(Description of the task): Where a line has odd spacing or punctuation, keep it; transcribe all the entries exactly.

Segment Start: Records for the exercise

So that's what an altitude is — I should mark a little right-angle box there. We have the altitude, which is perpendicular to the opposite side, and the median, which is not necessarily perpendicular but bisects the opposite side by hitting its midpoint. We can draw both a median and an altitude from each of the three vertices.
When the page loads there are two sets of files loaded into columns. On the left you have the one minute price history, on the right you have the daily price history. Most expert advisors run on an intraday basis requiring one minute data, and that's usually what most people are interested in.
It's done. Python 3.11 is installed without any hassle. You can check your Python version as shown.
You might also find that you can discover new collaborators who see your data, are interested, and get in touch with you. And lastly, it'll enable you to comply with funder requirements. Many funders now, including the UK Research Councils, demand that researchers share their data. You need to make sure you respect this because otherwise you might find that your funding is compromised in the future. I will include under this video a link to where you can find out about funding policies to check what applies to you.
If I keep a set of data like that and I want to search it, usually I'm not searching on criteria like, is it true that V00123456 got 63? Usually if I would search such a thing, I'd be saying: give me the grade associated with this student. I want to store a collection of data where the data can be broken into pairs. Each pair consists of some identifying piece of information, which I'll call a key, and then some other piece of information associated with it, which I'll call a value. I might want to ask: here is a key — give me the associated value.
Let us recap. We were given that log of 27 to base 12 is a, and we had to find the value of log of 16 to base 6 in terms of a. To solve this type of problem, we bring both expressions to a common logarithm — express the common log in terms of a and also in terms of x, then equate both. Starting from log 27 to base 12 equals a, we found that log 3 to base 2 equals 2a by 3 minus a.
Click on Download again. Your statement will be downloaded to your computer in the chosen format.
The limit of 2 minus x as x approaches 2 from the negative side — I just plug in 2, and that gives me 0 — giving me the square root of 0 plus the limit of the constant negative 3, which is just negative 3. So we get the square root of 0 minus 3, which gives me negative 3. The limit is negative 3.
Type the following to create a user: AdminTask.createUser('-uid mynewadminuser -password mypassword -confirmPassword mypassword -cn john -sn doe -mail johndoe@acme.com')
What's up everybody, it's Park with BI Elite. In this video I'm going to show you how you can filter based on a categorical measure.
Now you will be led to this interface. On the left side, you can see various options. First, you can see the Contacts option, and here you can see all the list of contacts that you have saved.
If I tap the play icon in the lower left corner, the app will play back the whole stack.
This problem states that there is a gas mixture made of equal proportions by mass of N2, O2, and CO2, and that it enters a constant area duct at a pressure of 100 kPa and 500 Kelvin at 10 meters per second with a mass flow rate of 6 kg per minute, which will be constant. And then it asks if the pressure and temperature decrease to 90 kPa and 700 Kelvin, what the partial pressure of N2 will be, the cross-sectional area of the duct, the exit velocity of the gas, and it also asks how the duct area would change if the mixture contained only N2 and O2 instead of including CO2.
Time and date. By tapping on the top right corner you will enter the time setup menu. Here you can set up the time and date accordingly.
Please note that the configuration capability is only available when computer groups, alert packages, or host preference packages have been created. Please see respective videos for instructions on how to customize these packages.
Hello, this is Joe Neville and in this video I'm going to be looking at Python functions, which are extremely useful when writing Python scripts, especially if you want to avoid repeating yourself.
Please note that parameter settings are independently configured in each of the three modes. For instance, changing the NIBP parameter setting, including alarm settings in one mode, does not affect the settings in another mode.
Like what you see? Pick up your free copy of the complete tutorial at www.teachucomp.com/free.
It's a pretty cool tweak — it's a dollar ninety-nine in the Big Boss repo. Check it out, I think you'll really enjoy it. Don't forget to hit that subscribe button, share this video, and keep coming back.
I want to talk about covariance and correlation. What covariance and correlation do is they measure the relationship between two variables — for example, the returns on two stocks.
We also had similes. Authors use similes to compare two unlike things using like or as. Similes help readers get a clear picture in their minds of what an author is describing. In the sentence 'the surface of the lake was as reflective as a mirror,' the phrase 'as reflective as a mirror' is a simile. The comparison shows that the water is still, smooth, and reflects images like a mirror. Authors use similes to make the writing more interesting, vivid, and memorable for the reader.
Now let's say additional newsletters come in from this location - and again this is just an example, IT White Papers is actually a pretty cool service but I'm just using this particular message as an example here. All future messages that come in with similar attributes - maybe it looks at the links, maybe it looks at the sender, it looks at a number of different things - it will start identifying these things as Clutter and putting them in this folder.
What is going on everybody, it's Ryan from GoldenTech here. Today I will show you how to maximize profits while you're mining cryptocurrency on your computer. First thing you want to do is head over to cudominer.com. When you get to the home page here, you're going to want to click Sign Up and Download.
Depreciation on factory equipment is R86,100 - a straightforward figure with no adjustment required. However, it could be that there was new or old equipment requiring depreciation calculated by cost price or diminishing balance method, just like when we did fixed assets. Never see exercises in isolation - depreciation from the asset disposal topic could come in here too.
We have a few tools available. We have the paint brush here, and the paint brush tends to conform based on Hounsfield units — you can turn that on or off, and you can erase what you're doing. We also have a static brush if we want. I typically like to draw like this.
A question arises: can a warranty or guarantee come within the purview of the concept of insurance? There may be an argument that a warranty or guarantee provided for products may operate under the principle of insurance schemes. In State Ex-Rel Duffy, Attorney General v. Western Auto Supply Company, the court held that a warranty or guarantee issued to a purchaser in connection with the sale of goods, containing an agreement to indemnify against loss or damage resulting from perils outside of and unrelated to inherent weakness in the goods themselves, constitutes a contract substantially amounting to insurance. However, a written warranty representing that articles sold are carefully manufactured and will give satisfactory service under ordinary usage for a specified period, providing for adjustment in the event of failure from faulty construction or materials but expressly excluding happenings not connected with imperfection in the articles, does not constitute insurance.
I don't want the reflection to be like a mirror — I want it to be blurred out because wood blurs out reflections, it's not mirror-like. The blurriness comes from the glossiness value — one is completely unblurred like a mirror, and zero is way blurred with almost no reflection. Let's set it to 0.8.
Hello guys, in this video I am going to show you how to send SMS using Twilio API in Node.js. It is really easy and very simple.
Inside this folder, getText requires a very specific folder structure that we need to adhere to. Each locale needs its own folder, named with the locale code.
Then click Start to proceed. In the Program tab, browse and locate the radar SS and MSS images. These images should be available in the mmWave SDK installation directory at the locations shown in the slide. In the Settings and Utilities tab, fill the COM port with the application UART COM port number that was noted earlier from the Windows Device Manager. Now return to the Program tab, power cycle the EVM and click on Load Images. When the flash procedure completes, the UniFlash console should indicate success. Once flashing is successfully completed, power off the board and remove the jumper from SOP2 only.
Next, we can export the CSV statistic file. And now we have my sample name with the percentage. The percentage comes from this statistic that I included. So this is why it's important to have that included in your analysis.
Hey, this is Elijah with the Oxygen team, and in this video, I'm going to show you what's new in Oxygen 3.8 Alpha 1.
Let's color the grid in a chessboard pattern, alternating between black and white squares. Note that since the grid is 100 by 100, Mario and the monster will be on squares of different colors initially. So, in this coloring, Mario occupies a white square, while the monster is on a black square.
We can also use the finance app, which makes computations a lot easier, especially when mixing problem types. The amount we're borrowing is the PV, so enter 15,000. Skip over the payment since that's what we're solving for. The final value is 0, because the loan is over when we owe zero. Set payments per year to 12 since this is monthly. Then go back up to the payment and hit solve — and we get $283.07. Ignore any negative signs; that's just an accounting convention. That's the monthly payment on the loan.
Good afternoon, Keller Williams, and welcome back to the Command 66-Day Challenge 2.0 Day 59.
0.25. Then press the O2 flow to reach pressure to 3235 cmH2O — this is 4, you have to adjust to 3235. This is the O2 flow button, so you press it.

Segment End: Records for the exercise

(The answer):
So that's what an altitude is — I should mark a little right-angle box there. We have the altitude, which is perpendicular to the opposite side, and the median, which is not necessarily perpendicular but bisects the opposite side by hitting its midpoint. We can draw both a median and an altitude from each of the three vertices.
When the page loads there are two sets of files loaded into columns. On the left you have the one minute price history, on the right you have the daily price history. Most expert advisors run on an intraday basis requiring one minute data, and that's usually what most people are interested in.
It's done. Python 3.11 is installed without any hassle. You can check your Python version as shown.
You might also find that you can discover new collaborators who see your data, are interested, and get in touch with you. And lastly, it'll enable you to comply with funder requirements. Many funders now, including the UK Research Councils, demand that researchers share their data. You need to make sure you respect this because otherwise you might find that your funding is compromised in the future. I will include under this video a link to where you can find out about funding policies to check what applies to you.
If I keep a set of data like that and I want to search it, usually I'm not searching on criteria like, is it true that V00123456 got 63? Usually if I would search such a thing, I'd be saying: give me the grade associated with this student. I want to store a collection of data where the data can be broken into pairs. Each pair consists of some identifying piece of information, which I'll call a key, and then some other piece of information associated with it, which I'll call a value. I might want to ask: here is a key — give me the associated value.
Let us recap. We were given that log of 27 to base 12 is a, and we had to find the value of log of 16 to base 6 in terms of a. To solve this type of problem, we bring both expressions to a common logarithm — express the common log in terms of a and also in terms of x, then equate both. Starting from log 27 to base 12 equals a, we found that log 3 to base 2 equals 2a by 3 minus a.
Click on Download again. Your statement will be downloaded to your computer in the chosen format.
The limit of 2 minus x as x approaches 2 from the negative side — I just plug in 2, and that gives me 0 — giving me the square root of 0 plus the limit of the constant negative 3, which is just negative 3. So we get the square root of 0 minus 3, which gives me negative 3. The limit is negative 3.
Type the following to create a user: AdminTask.createUser('-uid mynewadminuser -password mypassword -confirmPassword mypassword -cn john -sn doe -mail johndoe@acme.com')
What's up everybody, it's Park with BI Elite. In this video I'm going to show you how you can filter based on a categorical measure.
Now you will be led to this interface. On the left side, you can see various options. First, you can see the Contacts option, and here you can see all the list of contacts that you have saved.
If I tap the play icon in the lower left corner, the app will play back the whole stack.
This problem states that there is a gas mixture made of equal proportions by mass of N2, O2, and CO2, and that it enters a constant area duct at a pressure of 100 kPa and 500 Kelvin at 10 meters per second with a mass flow rate of 6 kg per minute, which will be constant. And then it asks if the pressure and temperature decrease to 90 kPa and 700 Kelvin, what the partial pressure of N2 will be, the cross-sectional area of the duct, the exit velocity of the gas, and it also asks how the duct area would change if the mixture contained only N2 and O2 instead of including CO2.
Time and date. By tapping on the top right corner you will enter the time setup menu. Here you can set up the time and date accordingly.
Please note that the configuration capability is only available when computer groups, alert packages, or host preference packages have been created. Please see respective videos for instructions on how to customize these packages.
Hello, this is Joe Neville and in this video I'm going to be looking at Python functions, which are extremely useful when writing Python scripts, especially if you want to avoid repeating yourself.
Please note that parameter settings are independently configured in each of the three modes. For instance, changing the NIBP parameter setting, including alarm settings in one mode, does not affect the settings in another mode.
Like what you see? Pick up your free copy of the complete tutorial at www.teachucomp.com/free.
It's a pretty cool tweak — it's a dollar ninety-nine in the Big Boss repo. Check it out, I think you'll really enjoy it. Don't forget to hit that subscribe button, share this video, and keep coming back.
I want to talk about covariance and correlation. What covariance and correlation do is they measure the relationship between two variables — for example, the returns on two stocks.
We also had similes. Authors use similes to compare two unlike things using like or as. Similes help readers get a clear picture in their minds of what an author is describing. In the sentence 'the surface of the lake was as reflective as a mirror,' the phrase 'as reflective as a mirror' is a simile. The comparison shows that the water is still, smooth, and reflects images like a mirror. Authors use similes to make the writing more interesting, vivid, and memorable for the reader.
Now let's say additional newsletters come in from this location - and again this is just an example, IT White Papers is actually a pretty cool service but I'm just using this particular message as an example here. All future messages that come in with similar attributes - maybe it looks at the links, maybe it looks at the sender, it looks at a number of different things - it will start identifying these things as Clutter and putting them in this folder.
What is going on everybody, it's Ryan from GoldenTech here. Today I will show you how to maximize profits while you're mining cryptocurrency on your computer. First thing you want to do is head over to cudominer.com. When you get to the home page here, you're going to want to click Sign Up and Download.
Depreciation on factory equipment is R86,100 - a straightforward figure with no adjustment required. However, it could be that there was new or old equipment requiring depreciation calculated by cost price or diminishing balance method, just like when we did fixed assets. Never see exercises in isolation - depreciation from the asset disposal topic could come in here too.
We have a few tools available. We have the paint brush here, and the paint brush tends to conform based on Hounsfield units — you can turn that on or off, and you can erase what you're doing. We also have a static brush if we want. I typically like to draw like this.
A question arises: can a warranty or guarantee come within the purview of the concept of insurance? There may be an argument that a warranty or guarantee provided for products may operate under the principle of insurance schemes. In State Ex-Rel Duffy, Attorney General v. Western Auto Supply Company, the court held that a warranty or guarantee issued to a purchaser in connection with the sale of goods, containing an agreement to indemnify against loss or damage resulting from perils outside of and unrelated to inherent weakness in the goods themselves, constitutes a contract substantially amounting to insurance. However, a written warranty representing that articles sold are carefully manufactured and will give satisfactory service under ordinary usage for a specified period, providing for adjustment in the event of failure from faulty construction or materials but expressly excluding happenings not connected with imperfection in the articles, does not constitute insurance.
I don't want the reflection to be like a mirror — I want it to be blurred out because wood blurs out reflections, it's not mirror-like. The blurriness comes from the glossiness value — one is completely unblurred like a mirror, and zero is way blurred with almost no reflection. Let's set it to 0.8.
Hello guys, in this video I am going to show you how to send SMS using Twilio API in Node.js. It is really easy and very simple.
Inside this folder, getText requires a very specific folder structure that we need to adhere to. Each locale needs its own folder, named with the locale code.
Then click Start to proceed. In the Program tab, browse and locate the radar SS and MSS images. These images should be available in the mmWave SDK installation directory at the locations shown in the slide. In the Settings and Utilities tab, fill the COM port with the application UART COM port number that was noted earlier from the Windows Device Manager. Now return to the Program tab, power cycle the EVM and click on Load Images. When the flash procedure completes, the UniFlash console should indicate success. Once flashing is successfully completed, power off the board and remove the jumper from SOP2 only.
Next, we can export the CSV statistic file. And now we have my sample name with the percentage. The percentage comes from this statistic that I included. So this is why it's important to have that included in your analysis.
Hey, this is Elijah with the Oxygen team, and in this video, I'm going to show you what's new in Oxygen 3.8 Alpha 1.
Let's color the grid in a chessboard pattern, alternating between black and white squares. Note that since the grid is 100 by 100, Mario and the monster will be on squares of different colors initially. So, in this coloring, Mario occupies a white square, while the monster is on a black square.
We can also use the finance app, which makes computations a lot easier, especially when mixing problem types. The amount we're borrowing is the PV, so enter 15,000. Skip over the payment since that's what we're solving for. The final value is 0, because the loan is over when we owe zero. Set payments per year to 12 since this is monthly. Then go back up to the payment and hit solve — and we get $283.07. Ignore any negative signs; that's just an accounting convention. That's the monthly payment on the loan.
Good afternoon, Keller Williams, and welcome back to the Command 66-Day Challenge 2.0 Day 59.
0.25. Then press the O2 flow to reach pressure to 3235 cmH2O — this is 4, you have to adjust to 3235. This is the O2 flow button, so you press it.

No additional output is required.